Dans ce bouillon culture loin du Japon, la clique des officiers décide de forcer la main au gouvernement. Pas de coup d'Etat au début mais des provocations destinées à justifier l'intervention en Chine
  • 1928 : le colonel Komoto monte l'incident de Hunaggutun en faisant sauter le train blindé de Zhang Zuolin, un seigneur de guerre chinois soutenu paradoxalement par le Japon. Mais le fils du chef de guerre assassiné Zhang Xueliang déjoue la manoeuvre en évitant de se lancer dans une opération de vendetta prétexte à l'invasion tandis que l'empereur et l'Etat Major condamne l'action et que l'armée du Kwantung surprise par l'action ne bouge pas
  • 1931 : incident de Moukden planifié par le lieutenant-colonel Ishiwara. Les Japonais sabotent le chemin de fer et accusent des rebelles chinois. L'armée cette fois-ci intervient, prend la ville d'assaut en tuant plusieurs centaines de soldats et civils chinois. La guerre est déclarée. Toute la Mandchourie est envahie et Tokyo débordée accepte la prise de contrôle de peur d'un coup d'Etat.

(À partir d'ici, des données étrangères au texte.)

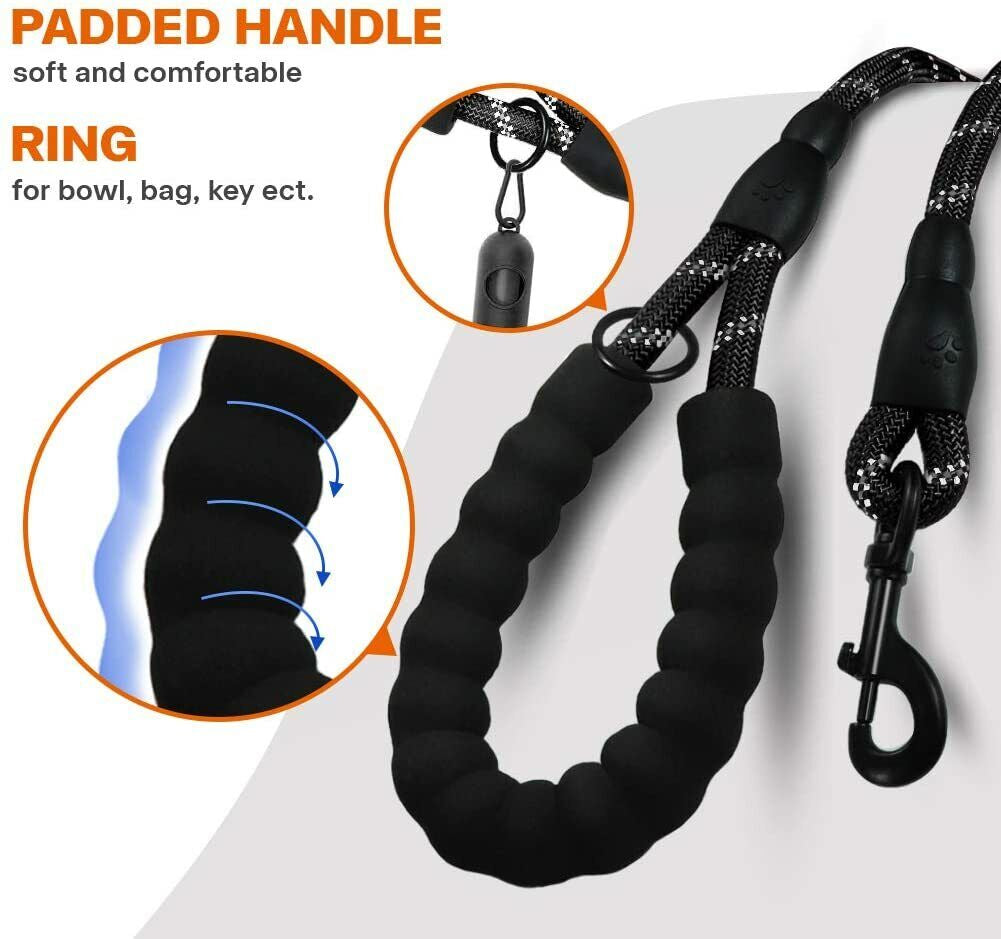 Extra Strong 5Ft Reflective Rope Dog Lead with Comfortable Foam Padded Handle - Perfect for All Dog Sizes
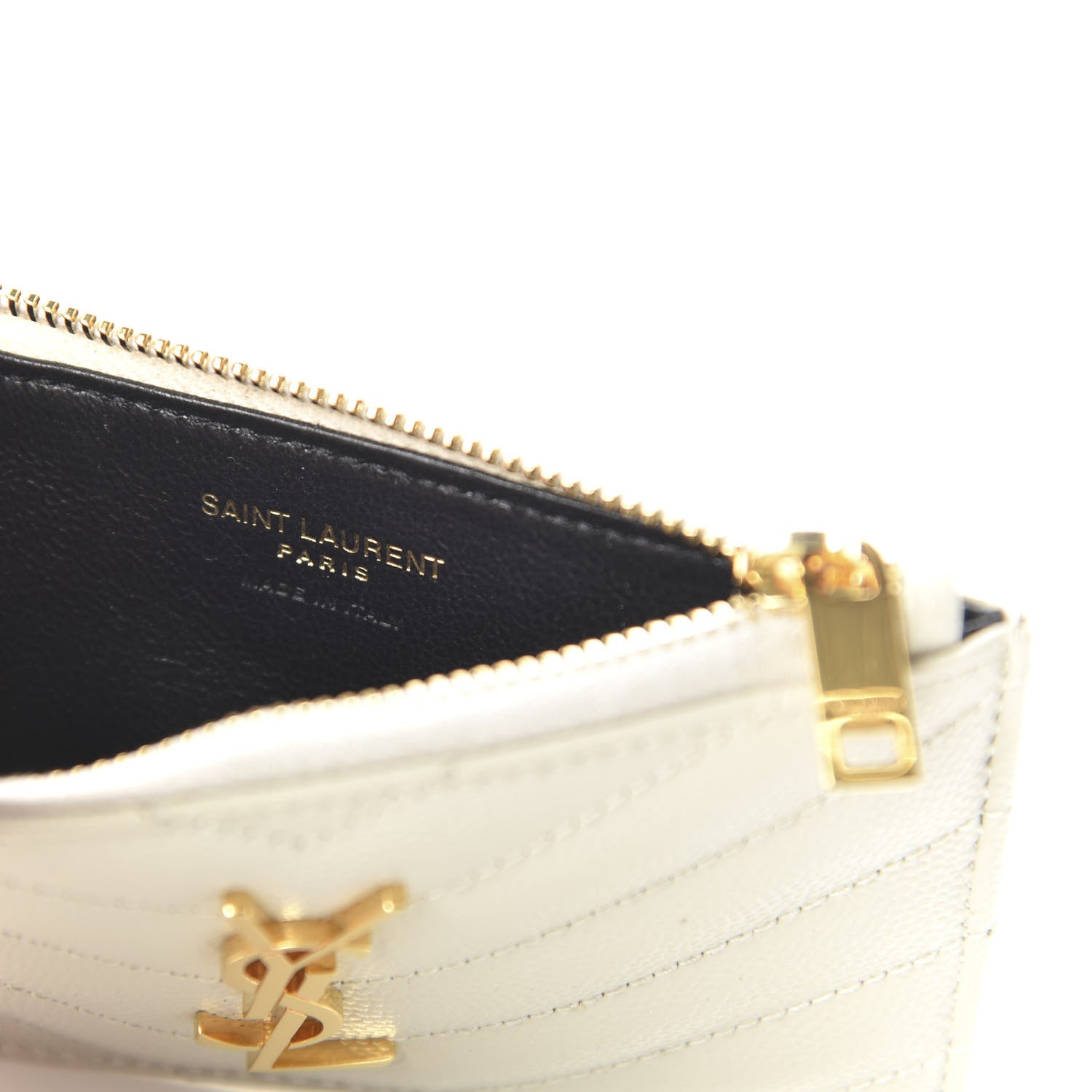 Saint Laurent Grain De Poudre Matelasse Chevron Monogram Fragments Zippered Card Case White 6 of 8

  • 1936 : tentative d'invasion de la Mongolie chinoise par les indépendantiste du prince  Demchugdongrub soutenus par l'armée du Kwangtung, échec
  • Incidents du 26 février 1936 : tentative de coup d'Etat à Tokyo. Parmi les comploteurs se trouve Jiro Minami passé par l'armée du Kwantung.
  • 1938 et 1939 : incidents du Lac Khasan et de Khalkhin Gol. Tentative d'invasion de la Sibérie russe repoussée lourdement.
L'incroyable faiblesse du gouvernement japonais aboutit à un diktat de cette armée. De fait elle parvient à imposer son Etat fantoche du Mandchoukouo sous la direction d'un empereur d'opérette Pu Yi, laboratoire de l'homme asiatique nouveau dont les similitudes avec les projets hitlériens sont frappantes (la connotation raciale en mois). Pourtant ce succès est aussi le début de la fin. En engageant le Japon en Chine, les jeunes loups viennent de déclencher une mécanique qui leur échappe. En 1937 les troupes de la région de Pékin provoquent l'incident du pont Marco Polo, prétexte à l'invasion de la toute la Chine. Paradoxalement l'armée du Kwantung n'y  joue qu'un rôle modeste ;  Ishiwara devenu chef des opérations à Tokyo est furieux contre cette opération qui va contre ses projets. En effet son but n'est pas une guerre contre la Chine mais contre l'URSS ; c'est ce que l'on nomme  la hokushin-ron la voie du Nord et à ce titre il faut faire de la Mandchourie un Etat indépendant et de la Chine un allié. Or à partie de 1936 c'est la doctrine de la voie du Sud "Nanshi-ron" (conquête de l'Asie du Sud-Est) couplée avec une extension en Chine qui prédomine. Dans le jeu politique complexe; l'empereur doit ménager l'armée de terre et la marine au risque d'un grand écart mortel. L'échec en Sibérie achève de le convaincre de l'impossibilité d'une intervention contre l'URSS avec laquelle est signée est traité de non-agression. 
Ishiwara

Les Jeunes Loups eux-mêmes se déchirent entre eux. Ishiwara (le plus étrange membre de la bande, idéaliste pan-asiatique, militariste mais non fascisant, opposant à Tojo qui partira en disgrâce et recevra l'indulgence des Alliés malgré son rôle dans la crise de 1931) dénonce la colonisation de la Mandchourie, la marche à la guerre contre les Etats-Unis et l'invasion de la Chine. Il va même jusqu'à proposer une reprise en main complète de l'armée du Kwantung.  Tetsuzan Nagata, une des chevilles ouvrières du complot de 1931 est assassiné en août 1935 lors de l'incident d'Aizawa (une querelle entre les factions de l'armée).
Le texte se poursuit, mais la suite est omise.